The Red Haired Woman by Orhan Pamuk

Simplicity is a very complex concept. ‘Keep it simple’ is good advice, but not if its result is a dumbing down of content or a dilution of ideas towards the patronizingly inane. Simplicity, when it indicates an elegant and succinct portrayal of otherwise complex material, is what writers often seek, but rarely achieve. For some truly great artists the quality is achieved apparently without effort. This is the quality and the power of illusion.
An impressive example of this complexity of the apparently simple can be found in The Red Haired Woman by Orhan Pamuk. So much fiction takes the form of a biography that examples need not be listed. These life stories take many forms, from chronological sequence to end-of-life recollection, from jumbled memories to self-analysis. Very few would follow the highly original form of Orhan Pamuk’s novel and, crucially, the reader of this book will not be aware of its experimental originality until the end, perhaps even some time after finishing the book.

The Red Haired Woman is in the three distinct parts. The novel’s principal character is called Cem, though the narrative is well developed before we are aware of any name. In the first part, Cem is still at school. His impoverished family cannot raise the cash to enable the lad to attend a crammer to assist his studies, so he takes a holiday job labouring for a well digger. We are aware, though never explicitly, that there are complexities in these familial relationships. We are in Istanbul, where we habitually find Orhan Pamuk, but thirty years ago when the city had not sprawled to its current extent and perhaps where certain things were not discussed openly.
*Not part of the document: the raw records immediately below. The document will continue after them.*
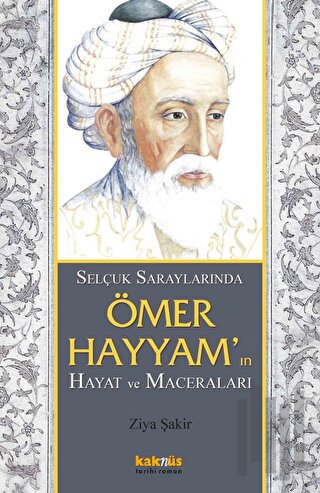 Selçuk Saraylarında Ömer Hayyam’ın Hayat ve Maceraları | Kitap Ambarı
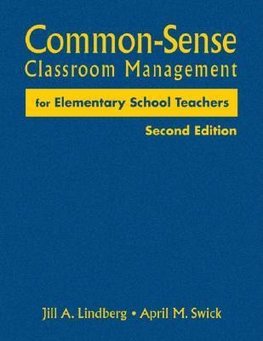 Lindberg, J: Common-Sense Classroom Management for Elementar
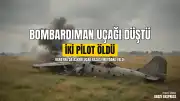 Ukrayna Hava Kuvvetleri Komutanlığı: Ukrayna ordusuna ait bombardıman uçağı düştü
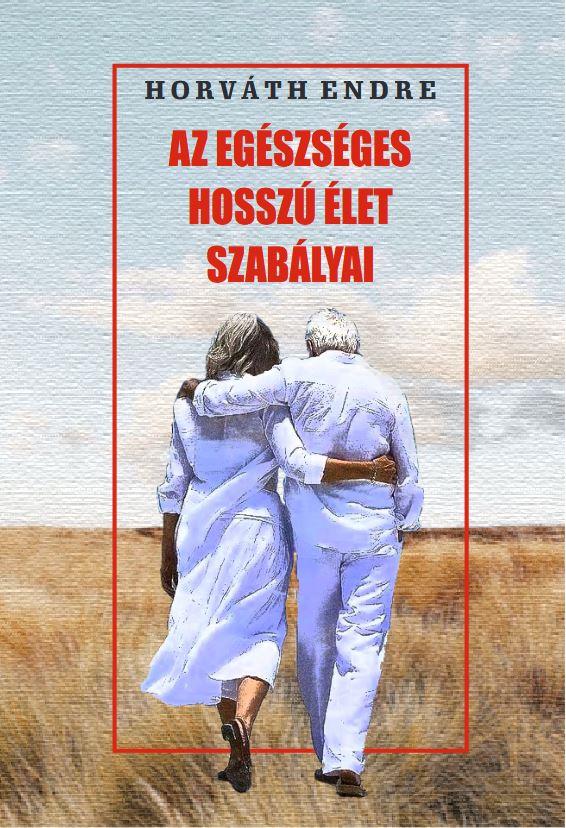 AZ EGÉSZSÉGES HOSSZÚ ÉLET SZABÁLYAI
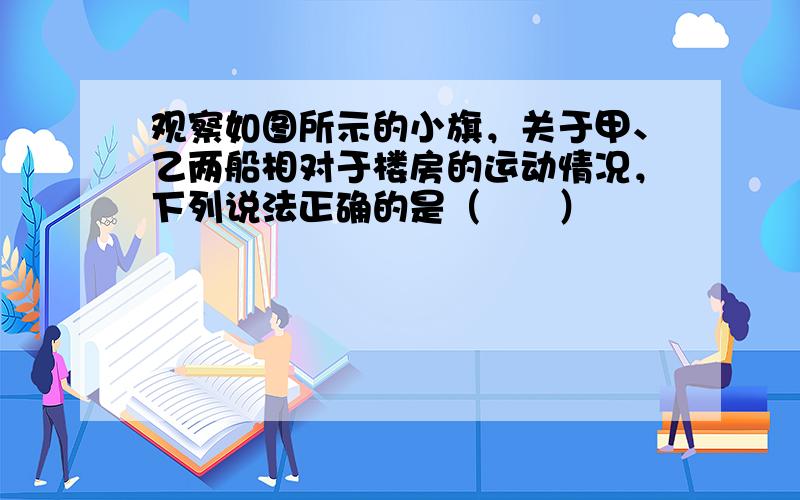 观察如图所示的小旗，关于甲、乙两船相对于楼房的运动情况，下列说法正确的是（　　）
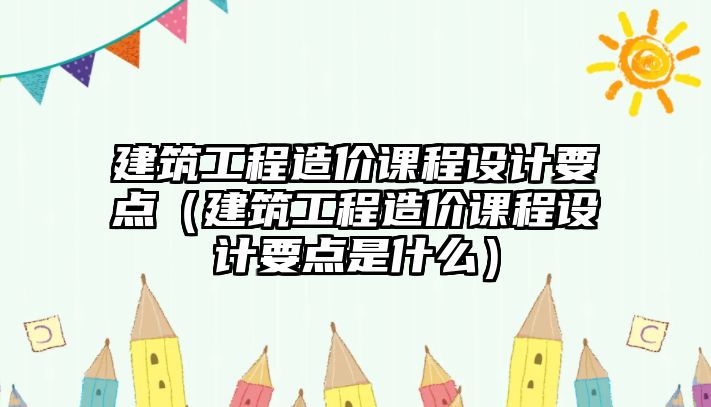 建筑工程造價(jià)課程設(shè)計(jì)要點(diǎn)（建筑工程造價(jià)課程設(shè)計(jì)要點(diǎn)是什么）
Mahmut, master of his trade, is the well digger. He and his two helpers begin to work on sloping ground in Őngőren which, at the time, is a sleepy little place beyond the city limits, where everyone knows everyone else's business and where modernization is just on the horizon. The well diggers go about their task during the day and retire to a bar in town most evenings. There is a theatre group in the town, and one of its members is a thirty-something woman with red hair. Cem becomes obsessed with her beauty and, as often is the case in Orhan Pamuk’s fiction, the sensation becomes all-consuming for this young and impressionable man. Stubbornly, the well excavation does not yield its goal and Cem extends his stay in Őngőren. Perhaps predictably, encounters with the red-haired woman do much to educate the young man. Eventually the labourer leaves the project in strange circumstances before it is finished to return home to Istanbul, leaving behind in Őngőren things that will continue to haunt him.
In part two of The Red Head Woman, we meet Cem again, but now he is an adult, university trained - so the crammer the labouring paid for did at least some good - and on the way to becoming a rich property developer, a significant but perhaps not major force in Istanbul’s modernisation. He is aware of much that he left behind in Őngőren, since the summer of well digging has left many indelible memories. These are brought into sharp focus when a contract to redevelop parts of the area comes across his desk and Cem decides to pursue the project. He thus needs to re-visit to the area and re-tread the only partially recognizable paths he trod during that personally influential summer some three decades previously. Some of the characters he knew those years ago are still around. Some of the issues that motivated dissent are still in focus.

Part three of the book is written after Cem's involvement with Őngőren has concluded. It is in this section that we hear a different perspective on Cem’s life and to reveal its detail in a review would devalue the impact of the book. Suffice it to say that from this different perspective, Cem's actions and memories take on a wholly different character. We knew all along that there was potential for consequences, but Cem never thought to find out what might have happened. But reality catches up, and resentment grows when it is ignored. All experience is particular, and we must all be aware that individual perspectives are nothing more than that, individual. It is the consequences that are shared.
But Orhan Pamuk’s The Red Haired Woman is much more than an individual fictional life. The well diggers, visiting the bar in Őngőren, chat about many things. Repeatedly, two stories are examined from different viewpoints. Oedipus, a man condemned to murder his father and marry his mother, is one. A perspective the well diggers explore is that Oedipus is not aware of the curse that directs his life, and that even when he consciously tries to avoid it shackles, the power of fate further condemns him to its confines. The second story, from the Shahmaneh, features Sohrab and Rostam. Almost counterbalancing Oedipus, this story has a father kill his son. And it is these themes, predetermination, fate, the paternal, maternal and filial, and then eventually powerlessness that form an intellectual backbone in the work. Cem the property developer is set to modernize the place that did so much to influence his personality, his outlook on life and his future. But the place will reassert itself in his life in a different, wholly unpredicted way that Cem, himself, created, but can neither influence nor control. The patricide and the filicide of the stories that obsessed Cem in his youth eventually fight it out in this brilliant book.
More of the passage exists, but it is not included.